The signing comes weeks before African Lion 2026, the annual bilateral exercise scheduled from April 20 to May 8 across five Moroccan sites: Agadir, Tan-Tan, Taroudant, Kénitra and Benguerir. This year’s edition carries particular symbolic weight, coinciding with the 250th anniversary of the United States. Staff from more than 40 American technology companies will join the military personnel on the ground to validate next-generation combat tools, making Moroccan territory a live testing environment for tactical artificial intelligence systems, advanced command architectures and deep-strike capabilities.

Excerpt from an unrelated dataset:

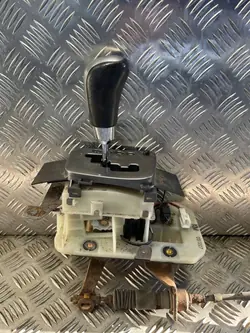 Alavanca de Mudanças Subaru OE ESH4081 - Usado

A notable technical milestone has already been achieved in the run-up. On February 3 in Agadir, the Royal Armed Forces and US forces tested the Link-16 tactical communication system — a secure, real-time data-sharing technology for land, air and naval units that until recently had been reserved exclusively for NATO member states. Morocco’s access to this system underscores the depth of interoperability that the two partners have achieved and the degree to which Rabat is being integrated into advanced Western Defense networks.
Together, the roadmap signing and the African Lion exercise frame Morocco’s military posture in 2026 as one of deliberate and accelerating strategic alignment with the United States. The Kingdom continues to diversify its Defense relationships — acquiring Apache AH-64E attack helicopters, pursuing next-generation observation satellites, and hosting the continent’s first drone operator training center for African armies — but the Pentagon roadmap makes clear that Washington remains the anchor of this expanding security architecture.